Jan 10, 2023
New and Noteworthy
- Added AWS Transit Gateway Flow as an S3 Source.
- Capture information about the IP traffic going to and from your transit gateways.
- The Boomerang feature has been added to Panther’s Slack Bot, available in open beta.
- With Boomerangs, you can send questions to and receive responses from other users in your Slack instance, streamlining your alert triage workflows.
- IPInfo enrichment is now generally available and no longer in closed beta.
- IPInfo provides integrated IP related enrichment, such as adding geolocation and ASN data to alert events.
- To enable IPInfo data sets, see our documentation on how to enable the pack.
- Please note that IPInfo data access in the data lake is not available at this time.
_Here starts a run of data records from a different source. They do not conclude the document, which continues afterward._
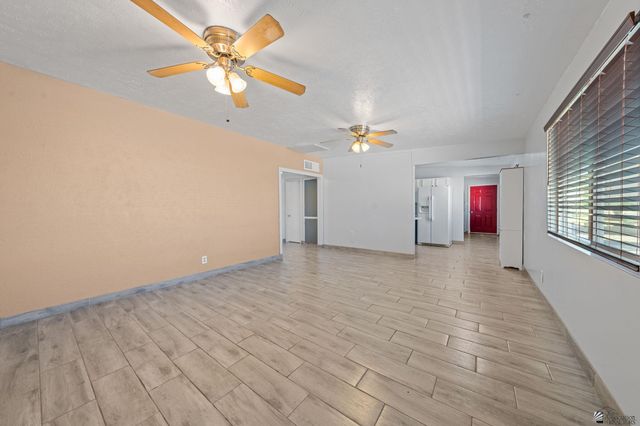 1269 W 17 Pl, Yuma, AZ 85364
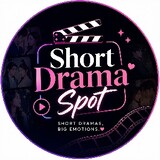 ShortDramaSpot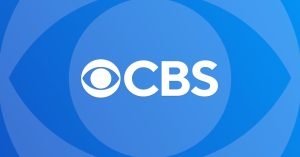 CBS App Not Working: Reasons And Their Solutions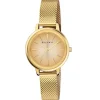 Elixa Finesse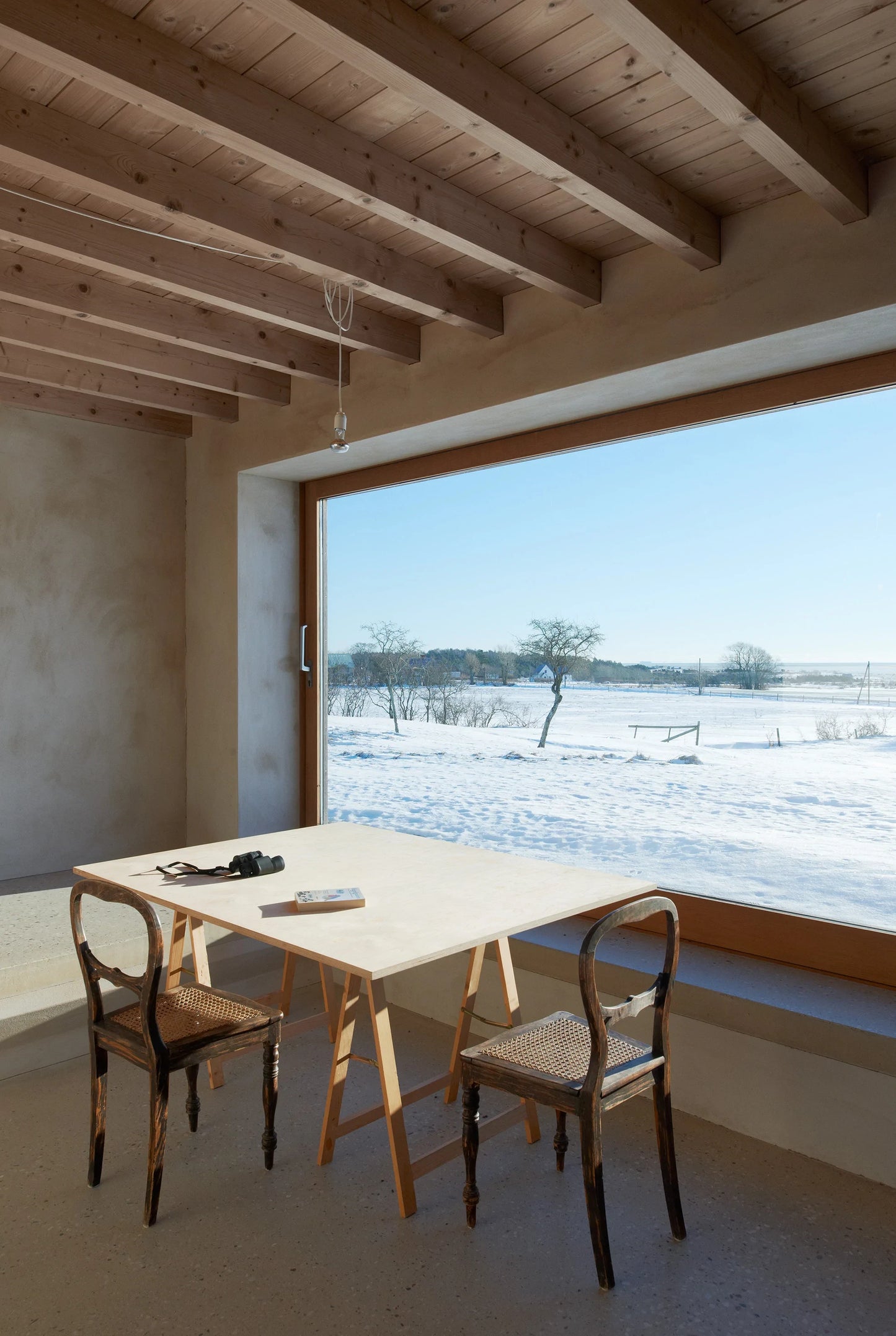 LIVRO NOTHERN COMFORT - THE NORDIC ART OF CREATIVE LIVING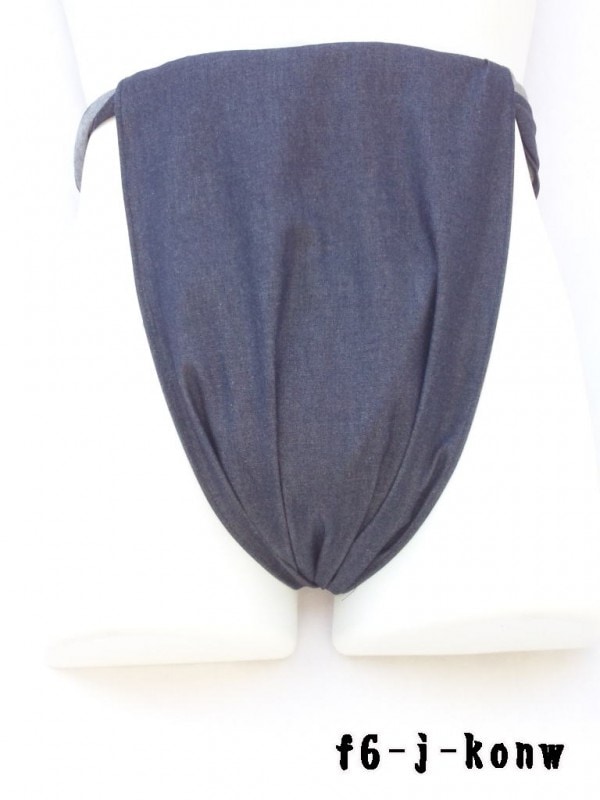 ϻܤդɤ ǥ˥ϡں24cm  100%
Panther Developer Workflows
- Versions 1.47, 1.48, and 1.49 of panther-analysis have been released, including the following changes:
- Added CrowdStrike queries for large zip creation and macOS browser credential access.
- Added new detections for Atlassian, AWS, CrowdStrike, Duo, GitHub, G Suite, Microsoft 365, and Okta.
- Added new Detection Packs for Atlassian, CrowdStrike, Duo, GitHub, and G Suite.
- Read more about the new releases here.
- Pull SentinelOne Cloud Funnel 2.0 logs with Panther’s new Cloud Funnel 2.0 log puller.
- In addition to Panther’s beta support for SentinelOne Cloud Funnel 1.0, this closed beta provides additional support for Cloud Funnel 2.0, which SentinelOne launched in November 2022.
- An additional feature has been added to the improved Log Source Overview feature.
- In the Log Source details page, added the S3 Bucket Details field under an S3 bucket’s Configuration tab, which includes a list of prefixes and excluded prefixes.
- Fixed a bug that caused refresh issues when choosing filters on the Packs page in the Panther Console.
- Fixed a bug that caused search results to appear out of order in the Log Source onboarding page in the Panther Console.